I am an advanced amateur photographer who happily uses Google's Picasa. Though I have heard good things about the program GIMP..so.. which is better? Please state WHY you think one is better then the other.

thanks,

Phil,


----------



## ann

you are comparing apples to grapes.

pisca does some basic things and can help you organize your imges,
and is fairly simple to use
GIMP is more along the lines of PS, and there will be a steeper learning curve.

both are free


----------



## Call_me_Tom

I use CS3 but at work or on computers that do not have an image editing program I use a portable version of GIMP that I run from a thumb drive.


----------



## PhilGarber

hmm.. how steep is this learning curve?


----------



## ann

pisca is very easy . gimp is closer to PS and takes more time to learn.

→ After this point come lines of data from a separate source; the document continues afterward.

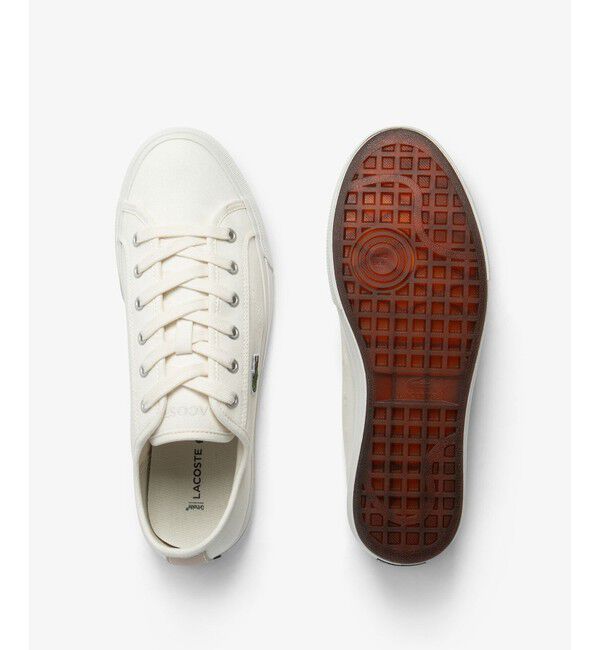 LACOSTE「メンズ BACKCOURT 125 1 CMA」|スニーカー|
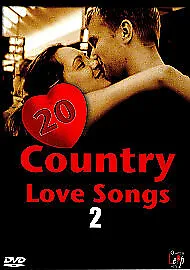 20 Country Love Songs Vol. 2 [DVD] New DVD Charlie RichTammy WynetteGeorge J • £11.32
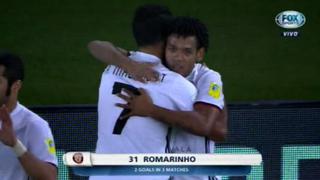 Sorprendió a todos: Romarinho marcó el primer gol del Al Jazira ante Real Madrid [VIDEO]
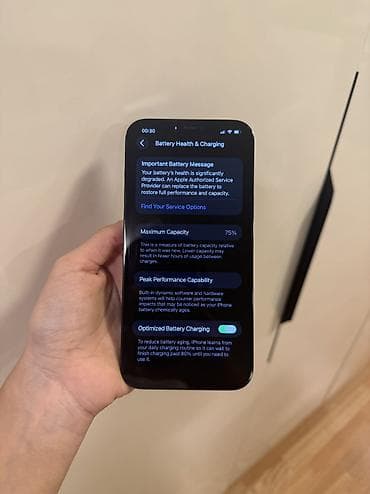 IPhone 12 Pro Max, 128 GB, Pacific Blue, Face ID — 5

How long will depend on your background with other editing programs. These programs are not intutive at least for most folks that is why i mentioned the learning curve.


----------



## photo28

If you plan on fixing up images and want something closer to photoshop... Gimp (plus its free!)


----------



## OregonAmy

PhilGarber said:


> hmm.. how steep is this learning curve?



As ann said, it depends on prior experience.

I love picasa for what it does (especially the new picasa3 - great app). But GIMP is an entirely different beast. It's like asking "which is better - a Schwinn or a Harley?" If you just need to get down the street, the Schwinn is just fine. But it might not be sufficient for your goals (would you want to ride 1000 miles on it?). Maybe a bad analogy since neither is free... but you get the idea. 

GIMP lets you do a lot of fine-tuning and post-processing that Picasa can't do.


----------



## PhilGarber

hmm.. thanks guys! I think ill stick with picasa.


----------



## redtippmann

Yea for tweeking the photo color settings I use picasa and for stuff like the picture in my signature I use Gimp. And with the new gimp you can use CS3 brushes!


----------